Бактерии – это уже клеточная форма жизни, способная к автономному самовоспроизводству. Однако бактерии никогда не объединяются в многоклеточные структуры, максимум они могут образовывать колонии. Ещё одним отличительным свойством бактерий является то, что у них нет выделенного ядра, поэтому они вместе с археями (архебактериями) составляют группу прокариот (от лат. «про» – перед, ранее, «карион» – ядро).

Поразмыслив, наряду с бактериями и вирусами, многие вспоминают таких представителей микроорганизмов, как «грибки». И здесь есть нюанс: грибы – это обширное царство живой природы, включающее и какой-нибудь опёнок или мухомор, и пекарские дрожжи, и кандида (причины «молочницы»), и аспергилл, знакомый вам по чёрному налёту на стенах и потолках сырых помещений, а заодно вызывающий у их обитателей аллергические реакции. Так вот, микробиология занимается только микроскопическими представителями этого разнообразия, то есть микромицетами (от греч. «микрос» – малый и «микос/мицес» – гриб) – дрожжами и плесенями.

И да, терминологически правильно что микро-, что макромицеты называть одинаково – грибами. Но у обычных людей это вызывает путаницу, поэтому даже врачи в беседах с пациентами частенько прибегают к разговорной форме «грибок», «грибковое поражение кожи».

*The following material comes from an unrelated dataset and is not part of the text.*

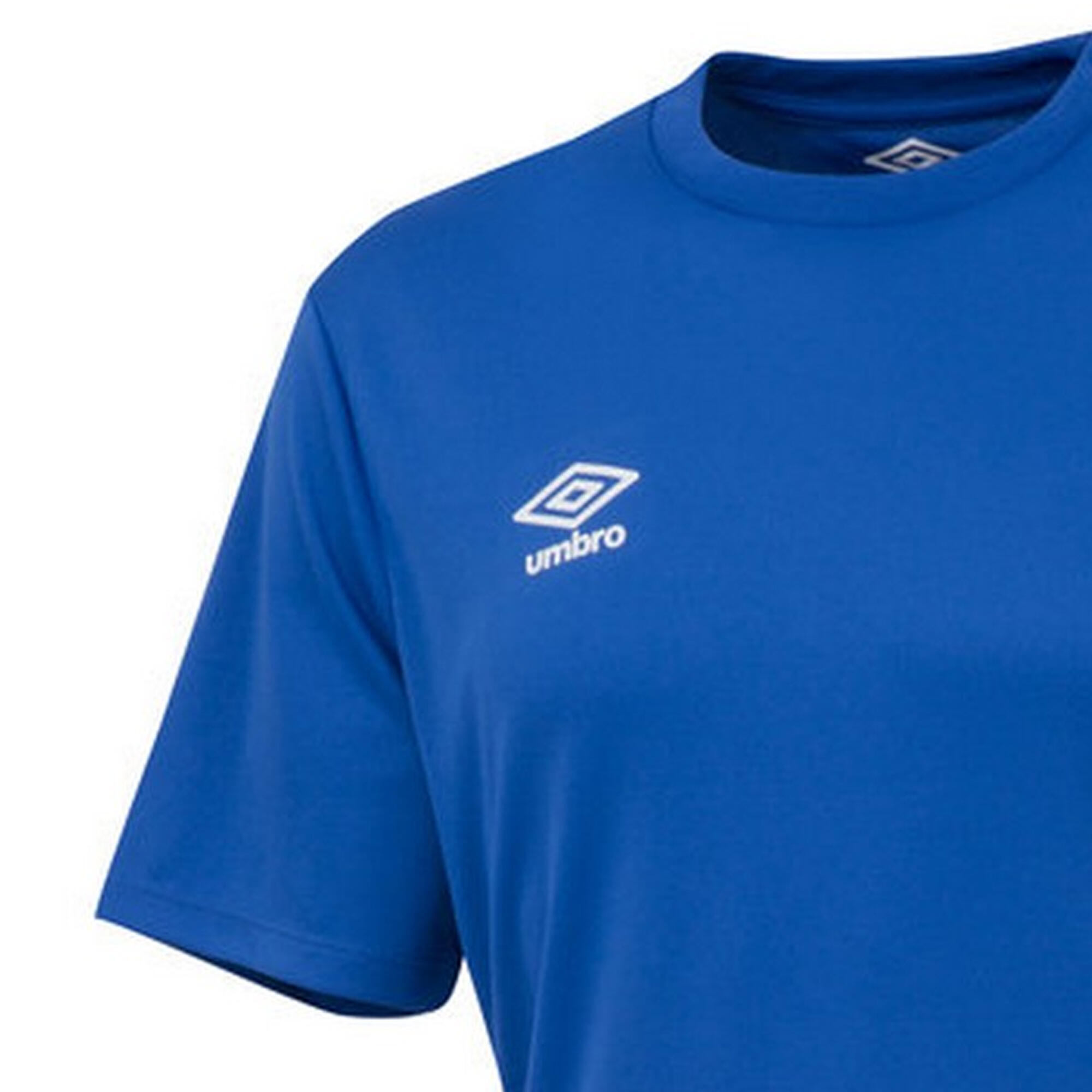 Maillot CLUB Homme (Bleu Roi) 3/4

Грибы, в отличие от бактерий, уже являются эукариотами – у них есть полноценное ядро, как в клетках растений и животных. К растениям долгое время грибы и относили, хотя на деле они формируют совершенно отдельное самостоятельное царство природы. И здесь это не эпитет, а научный термин: царство грибов как классификационная категория будет называться «микота» или «фунги», смотря на какой язык вы переведёте слово «грибы» – латинский или греческий. В такие же царства объединены бактерии (название их царства Bacteria звучит сходно с русским вариантом), растения (царство «планте» или «флора») и животные (царство «анималия» или «зоа») с подцарством простейших («протозоа»).

Простейшие выделены в самостоятельную группу из большого царства животных (к которому относится и человек) на том основании, что, будучи полноценными эукариотами, они, как и прокариоты, всё же не в состоянии слиться в многоклеточный организм. Их клетки живут, питаются, дышат, охотятся или паразитируют, мигрируют к источнику пищу или скрываются от опасности, но всегда остаются одиночками. Максимум, на что способны простейшие, – объединяться в колонии по типу вольвокса. Но никакой специализации клетки в такой колонии не приобретают, оставаясь совершенно одинаковыми, в отличие от гигантского разнообразия клеток и тканей в многоклеточных организмах. По этой же причине одноклеточности простейшие доступны для наблюдения и изучения в основном только с использованием оптики.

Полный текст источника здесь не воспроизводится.